● **Your objective**
Please give back, exactly as written, the lines from the line with "Shoppershopee Self Design" to the line with "925 Sterling Gold" in the listing below, leaving out all pictures.

● **Dataset entries**
▬▬▬▬▬▬

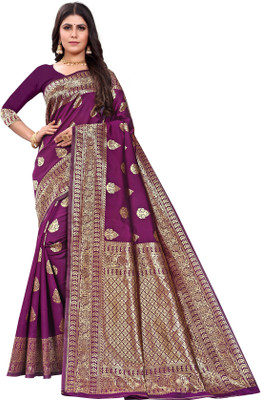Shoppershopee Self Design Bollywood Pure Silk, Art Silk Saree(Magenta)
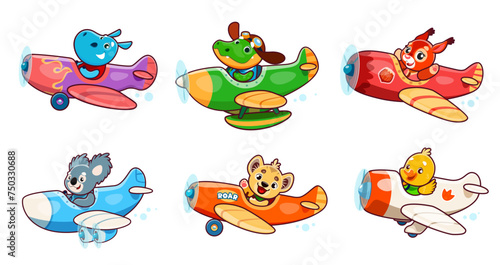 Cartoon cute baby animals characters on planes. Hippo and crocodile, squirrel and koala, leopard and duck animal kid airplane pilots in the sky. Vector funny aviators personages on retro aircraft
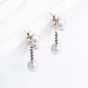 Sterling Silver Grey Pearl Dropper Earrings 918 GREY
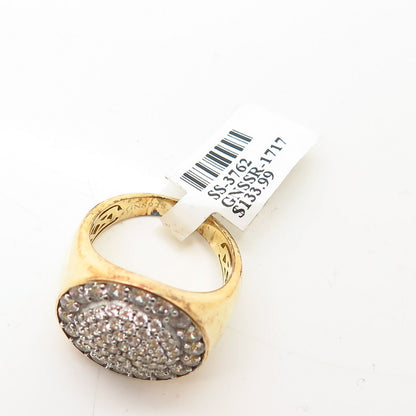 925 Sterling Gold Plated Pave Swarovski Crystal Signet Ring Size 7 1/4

▬▬▬▬▬▬

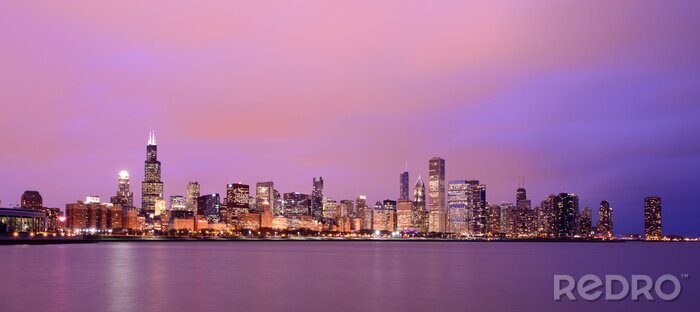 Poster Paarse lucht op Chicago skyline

▬▬▬▬▬▬

● **Solution to this task**
Shoppershopee Self Design Bollywood Pure Silk, Art Silk Saree(Magenta)
 Cartoon cute baby animals characters on planes. Hippo and crocodile, squirrel and koala, leopard and duck animal kid airplane pilots in the sky. Vector funny aviators personages on retro aircraft
 Sterling Silver Grey Pearl Dropper Earrings 918 GREY
 925 Sterling Gold Plated Pave Swarovski Crystal Signet Ring Size 7 1/4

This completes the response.